Angiotensin II Activates a Nitric-Oxide-Driven Inhibitory Feedback in the Rat Paraventricular Nucleus

The hypothalamic paraventricular nucleus (PVN) has been shown to play major obligatory roles in autonomic and neuroendocrine regulation. Angiotensin II (ANG) acts as a neurotransmitter regulating the excitability of magnocellular neurons in this nucleus. We report here that ANG also activates a nitric-oxide-mediated negative feedback loop in the PVN that acts to regulate the functional output of magnocellular neurons. Thus in addition to its depolarizing actions on magnocellular neurons, ANG application results in an increase in the frequency of inhibitory postsynaptic potentials in a population of these neurons without effect on the amplitude of these events. ANG was also without significant effect on the mean frequency or amplitude of mini synaptic currents analyzed in voltage-clamp experiments. This increase in inhibitory input after ANG can be abolished by the nitric oxide synthase inhibitor Nomega-nitro-l-arginine methylester, demonstrating a requisite role for nitric oxide in the activation of this pathway. The depolarization of magnocellular neurons that show increased inhibitory postsynaptic potential (IPSP) frequency in response to ANG is significantly smaller than that observed in neurons in which IPSPs frequency was unaffected (3.2 +/- 1.1 vs. 8.0 +/- 0.5 mV, P < 0.05).

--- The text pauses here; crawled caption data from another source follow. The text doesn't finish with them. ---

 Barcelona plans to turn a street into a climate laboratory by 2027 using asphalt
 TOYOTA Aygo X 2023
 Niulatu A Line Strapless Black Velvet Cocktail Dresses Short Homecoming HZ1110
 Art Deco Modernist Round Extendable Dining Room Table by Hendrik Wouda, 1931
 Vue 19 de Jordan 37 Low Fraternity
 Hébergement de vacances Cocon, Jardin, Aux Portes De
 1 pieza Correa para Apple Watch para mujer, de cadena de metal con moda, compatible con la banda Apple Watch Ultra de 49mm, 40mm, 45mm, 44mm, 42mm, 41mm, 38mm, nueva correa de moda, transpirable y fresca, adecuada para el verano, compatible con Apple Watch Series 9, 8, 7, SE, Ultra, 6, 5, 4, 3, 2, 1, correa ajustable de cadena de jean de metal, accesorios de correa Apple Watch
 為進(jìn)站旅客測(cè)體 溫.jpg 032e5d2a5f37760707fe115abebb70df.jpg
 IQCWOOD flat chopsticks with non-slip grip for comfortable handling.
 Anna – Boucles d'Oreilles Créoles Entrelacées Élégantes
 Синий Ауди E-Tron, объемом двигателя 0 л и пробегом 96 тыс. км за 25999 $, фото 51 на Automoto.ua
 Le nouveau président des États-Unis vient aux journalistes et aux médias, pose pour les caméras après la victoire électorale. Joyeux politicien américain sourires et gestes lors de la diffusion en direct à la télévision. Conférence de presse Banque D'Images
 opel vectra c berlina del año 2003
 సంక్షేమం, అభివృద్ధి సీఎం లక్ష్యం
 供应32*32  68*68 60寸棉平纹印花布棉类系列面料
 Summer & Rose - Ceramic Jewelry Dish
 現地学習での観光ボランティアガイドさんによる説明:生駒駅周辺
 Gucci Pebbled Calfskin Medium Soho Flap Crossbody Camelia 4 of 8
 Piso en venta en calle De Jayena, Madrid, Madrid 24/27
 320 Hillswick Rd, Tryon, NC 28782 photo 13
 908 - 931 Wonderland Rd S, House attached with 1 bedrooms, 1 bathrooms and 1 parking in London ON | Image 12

Correspondingly, after nitric oxide synthase inhibition, the depolarizing effects of ANG on magnocellular neurons are augmented (2.0 +/- 0.7 vs. 6.7 +/- 0.7 mV, P < 0.05). The depolarization was also enhanced in the presence of the GABAergic antagonist bicuculline (1.9 +/- 1.2 vs. 11.9 +/- 2.3, P < 0.001). These data demonstrate that there exists within the PVN an intrinsic negative feedback loop that modulates neuronal excitability in response to peptidergic excitation.